9 points, 7 rebounds and 3 turnovers in 26 minutes for him. Jackie Butler in for the first time


----------



## Krstic All-Star (Mar 9, 2005)

5:52 left in the game. Knicks down 80-70. Frye playing with 5 fouls. Despite it all, Knicks out-rebounding the Rockets 37-31. The difference is in shooting. Rockets .433, Knicks .383. Both teams put up 60 shots, with the Rockets making 3 more than the Knicks. Specifically, the Knicks shot 4-14 from behind the arc, while the Rockets shot 7-16.


----------



## Yao Mania (Aug 4, 2003)

looks like Q's warming up for the all-star weekend

Frye and Curry both gone, wonder if JJ can last the game without fouling out


----------



## Gotham2krazy (Nov 22, 2005)

well we're a lost cause. once again we're playing catch up. i hate this bull****. why must we always play hard in the last 2 minutes?!?! and ers.. look at that poke at the ball yao just had and stro not going for it. what a lazy bum. was he realliy worth their money?


----------



## Krstic All-Star (Mar 9, 2005)

Yao Mania said:


> looks like Q's warming up for the all-star weekend
> 
> Frye and Curry both gone, *wonder if JJ can last the game without fouling out*


You can't foul out if you're too lazy to get up and down the court...


----------



## Krstic All-Star (Mar 9, 2005)

4 point play by Crawford. Knicks down 89-79 with 30.2 seconds left.


----------



## Krstic All-Star (Mar 9, 2005)

Final score: Rockets 90 - Knicks 83.

Knicks player of the game _has _ to be Q-Rich 
33 7-13 3-6 2-3 4 6 1 2 2 2 4 19


----------



## Gotham2krazy (Nov 22, 2005)

another loss. YAY.


----------



## Yao Mania (Aug 4, 2003)

Krstic All Star said:


> You can't foul out if you're too lazy to get up and down the court...

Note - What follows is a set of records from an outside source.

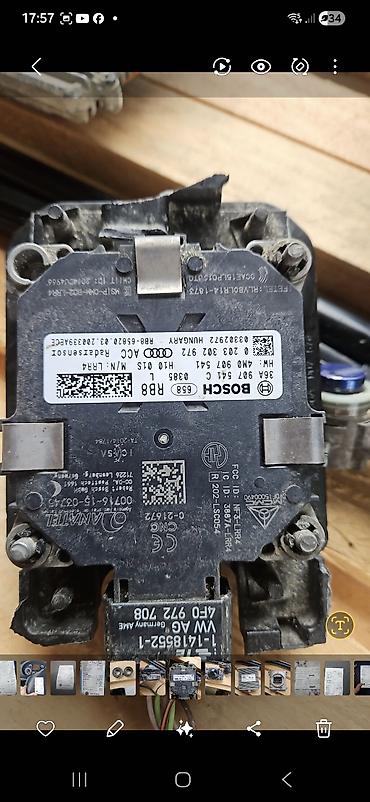 hyundai sonata kondisioner kompressor: Məhsul: Orijinal VW/Audi far üçün LED idarəetmə modulu və korrektor — 6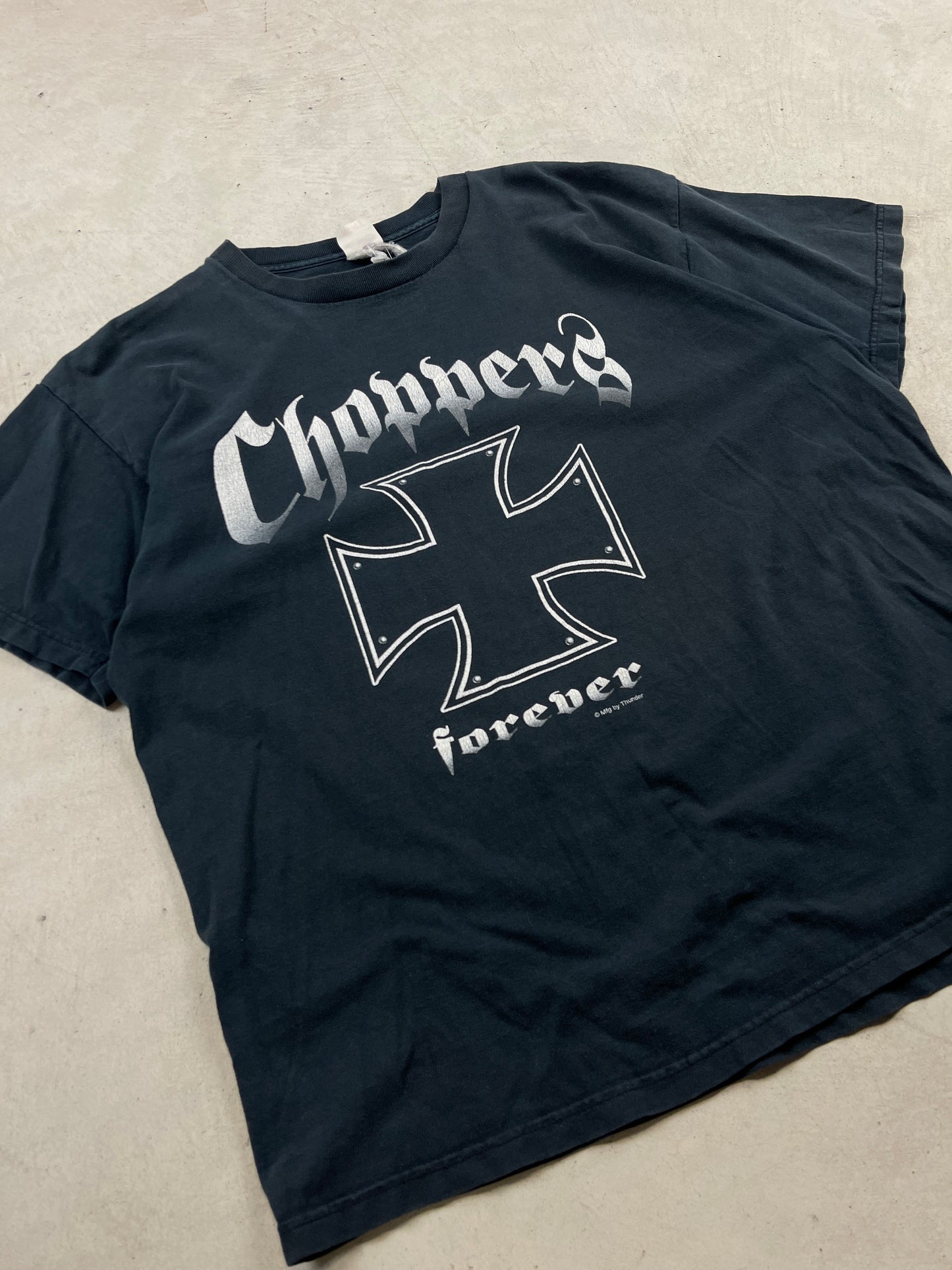 2000s Choppers Black Tee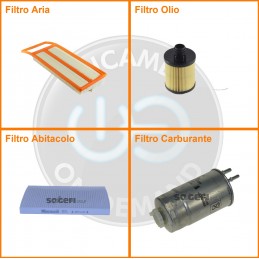 KT01028 Tagliando completo...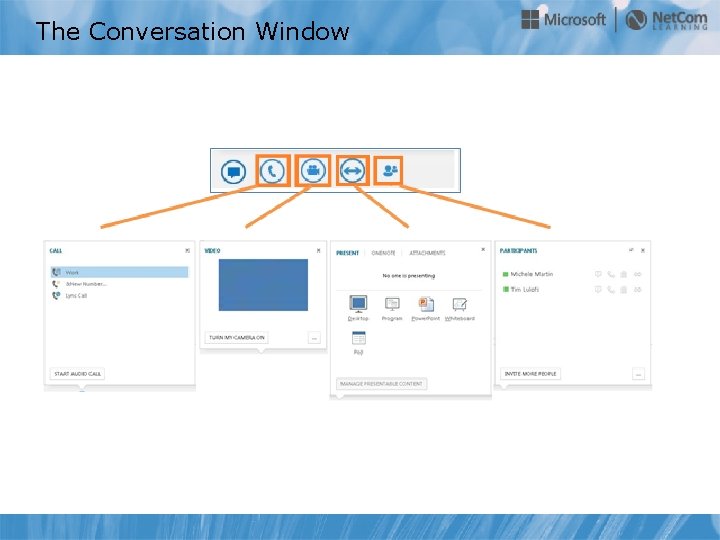 The Conversation Window 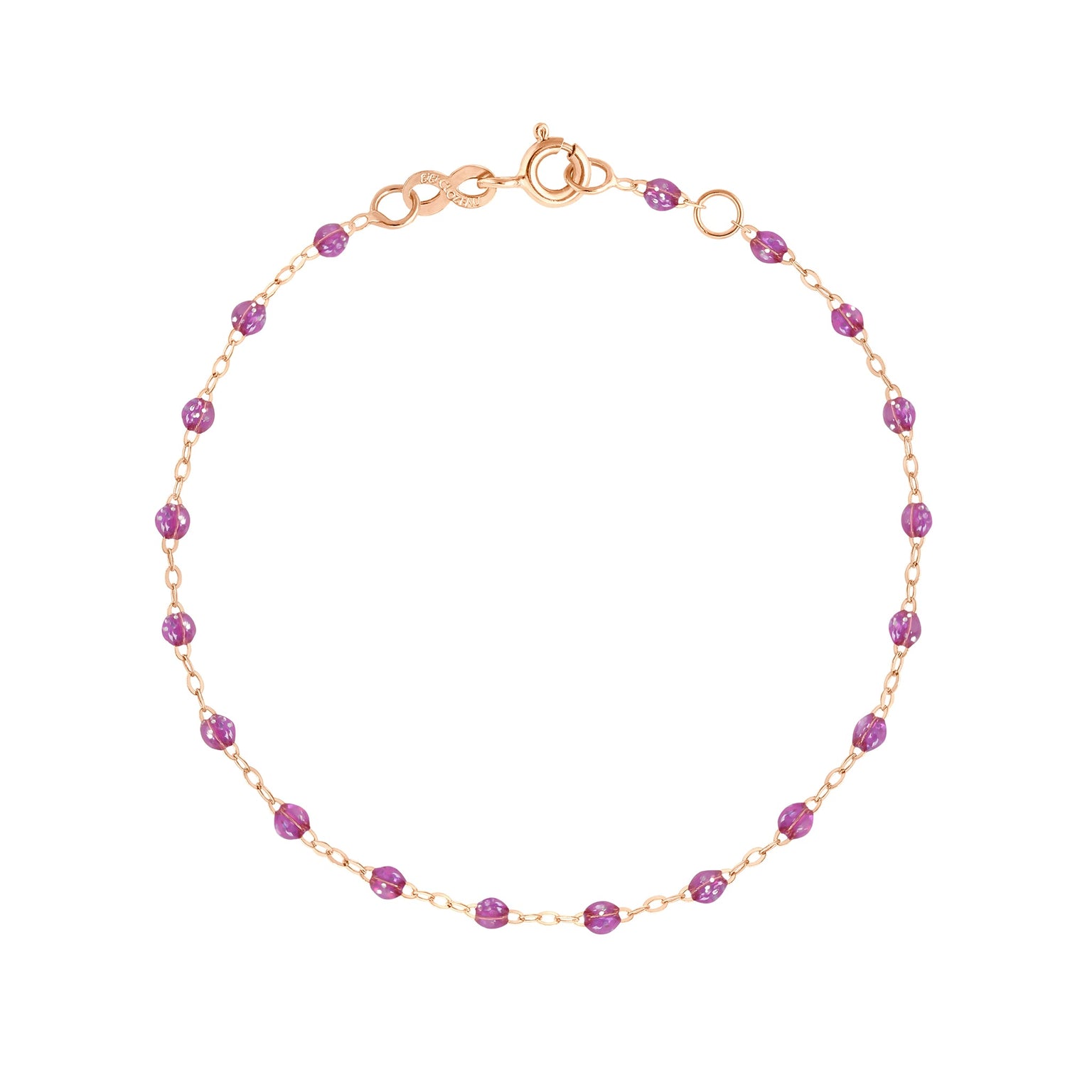 Gigi Clozeau - Bracelet galaxy Classique Gigi, or rose, 24 cm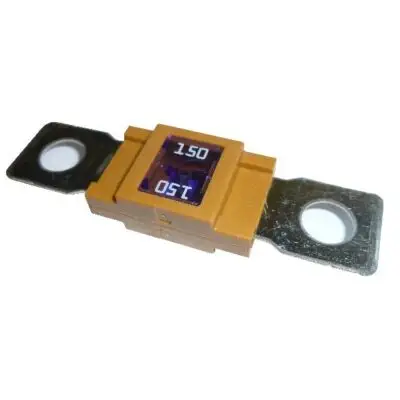 Megaval Zekering 150 Amp Oranje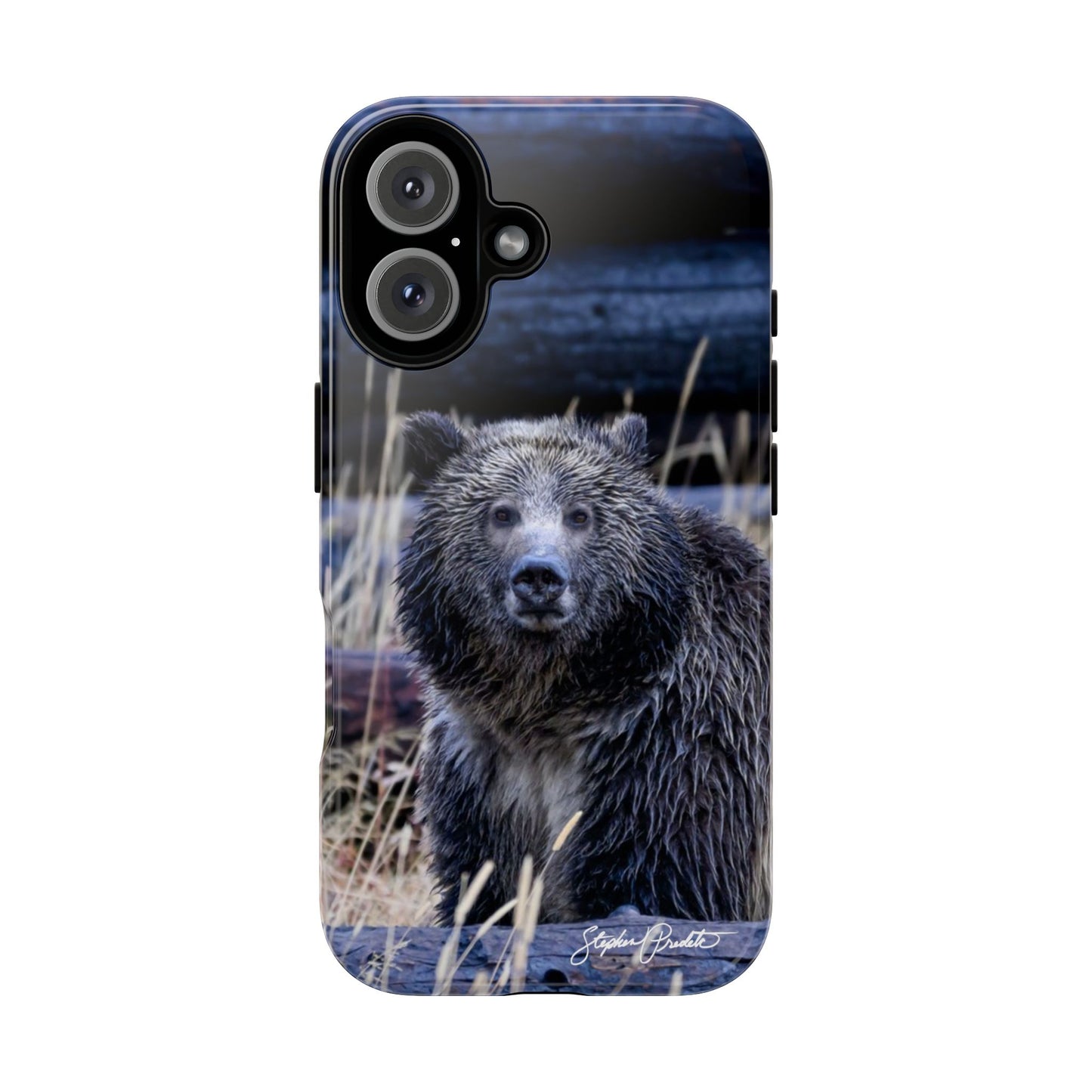 Phone Tough Case - Grizzly Bear Stare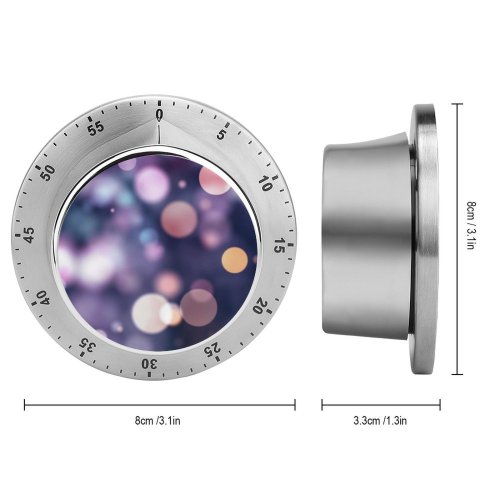 yanfind Timer Tomislav Jakupec Abstract Bokeh Circles  Backdrop 60 Minutes Mechanical Visual Timer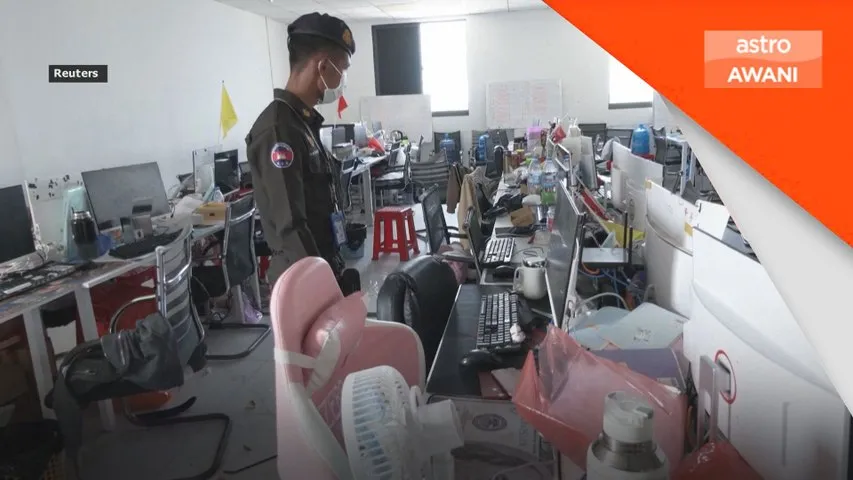 Kemboja ikrar hapus semua pusat 'scam' menjelang April
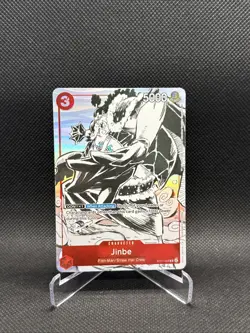 Jinbe ST01-005 Holo Promo Exclusive Gift Collection One Piece Card Game - Image 1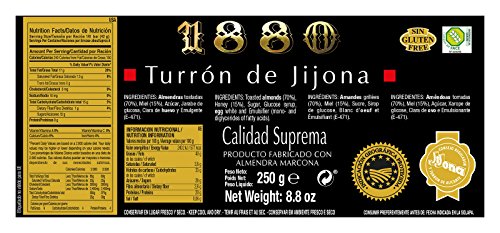 Turrón De Jijona 1880 250G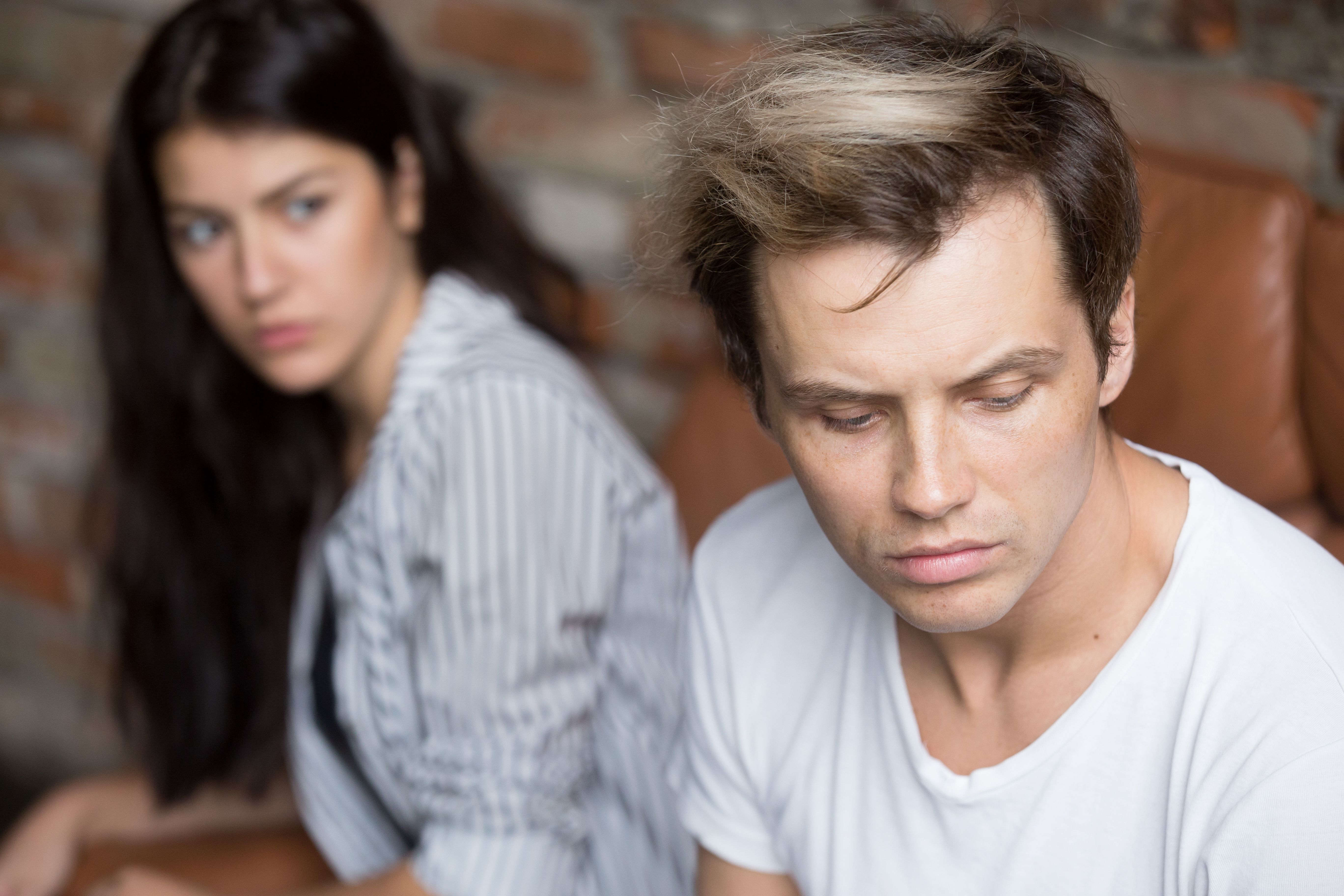 A couple on bad terms | Source: Shutterstock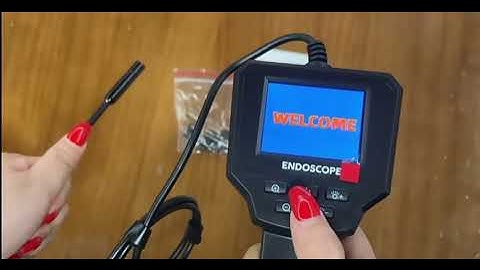 Camera Nội Soi Có Màn Hình - Kiểm Tra Dễ Dàng, Hiệu Quả Cao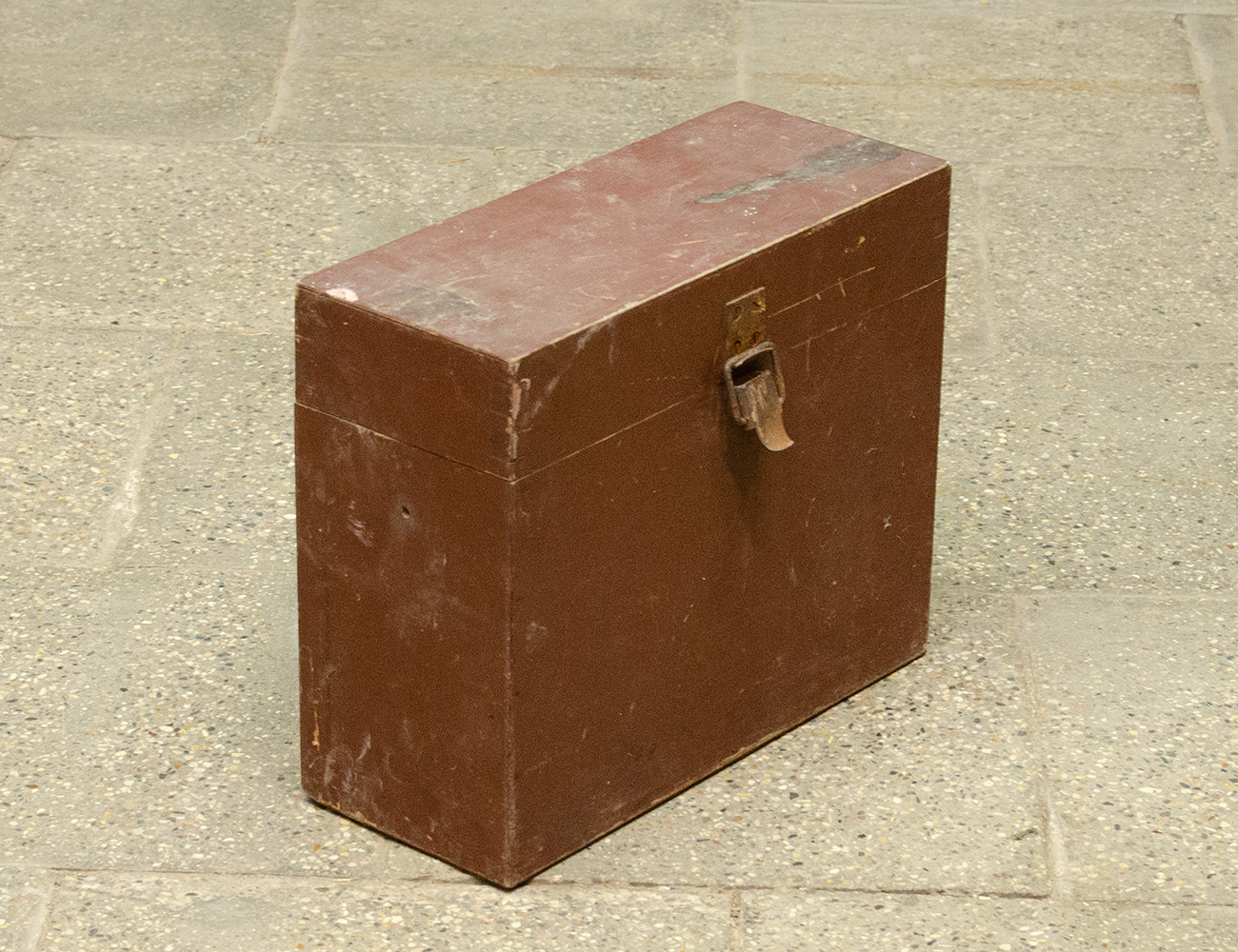 Старинны ящик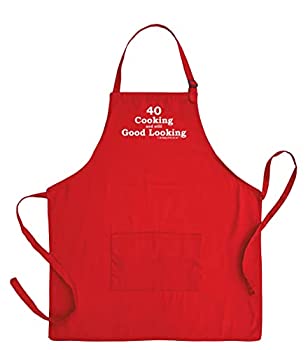 【中古】【輸入品・未使用】40 Cooking Still Good Looking おかしなエプロン 40歳の人全員向け誕生日ギフト BBQ バーベキュー 料理 お菓子作り 工芸 庭仕事 男女兼用2つポ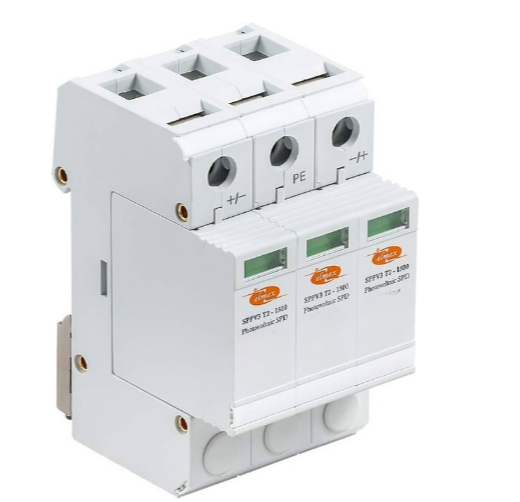 Elmex Solar Power Plant Surge Protection Device 65 kA SPPV3T2-1500_0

Give JJ more credit than that, he's a smart guy. He gets himself fouled out so he can sit back on the bench again.


----------



## Chinatownballer (Oct 13, 2005)

Let me be optimistic and say that as soon as Steph gets back after the all-star break we'll make a huge run for the 8th playoff spot and then go all the way. :banana: 

Really though, anyone who ever questioned Steph's leaddership on the court should look at the Knicks lack of leadership or heart without him. Before he got injured Steph was playing huge for us. We shouldn't count ourselves out just yet, Steph is an amazing point guard who could, given the right chemistry, have us at least matching last years record.


----------



## Truknicksfan (Mar 25, 2005)

> Really though, anyone who ever questioned Steph's leaddership on the court should look at the Knicks lack of leadership or heart without him. Before he got injured Steph was playing huge for us. We shouldn't count ourselves out just yet, Steph is an amazing point guard who could, given the right chemistry, have us at least matching last years record.


Last years record....thats something to look forward too *rollseyes* lol


----------



## Chinatownballer (Oct 13, 2005)

lol You have to hope for something


----------



## Gotham2krazy (Nov 22, 2005)

Chinatownballer said:


> Really though, anyone who ever questioned Steph's leaddership on the court should look at the Knicks lack of leadership or heart without him. Before he got injured Steph was playing huge for us. We shouldn't count ourselves out just yet, Steph is an amazing point guard who could, given the right chemistry, have us at least matching last years record.


right chemistry? he's played with HUGE names before and has he ever gone far? nope. he's played in only like 18 playoff games in his WHOLE career. plus, if marbury was a leader, he wouldn't complain, he's supposed to be exemplary to his teammates, he's supposed to make things right, not worse.


----------



## Rockets111 (Oct 29, 2005)

at least you'll get the first pick........









wait you traded it for curryyyyyy


----------



## USSKittyHawk (Jul 22, 2005)

Rockets111 said:


> at least you'll get the first pick........
> 
> 
> 
> ...


Are baiting? I sure hope not..I wouldn't want to suspend you.


----------



## Da Grinch (Aug 17, 2002)

Gotham2krazy said:


> right chemistry? he's played with HUGE names before and has he ever gone far? nope. he's played in only like 18 playoff games in his WHOLE career. plus, if marbury was a leader, he wouldn't complain, he's supposed to be exemplary to his teammates, he's supposed to make things right, not worse.


who are these huge names?

a 20 year old garnett ? on which he the made playoffs 
a 20 yr. old amare? on which he the made playoffs 
an injured k-mart
a corny keith van horn

the simple truth is you have to be on a 50 plus win team to be expected to make the 2nd round and i dont think he's been on a team that has been considered a 50 win type team , no one has ever looked at a team he has been on and thought it was a 2nd round team.

if marbury is on a good team of guys who are in their prime (while he is still in his prime) i bet he makes some noise...


----------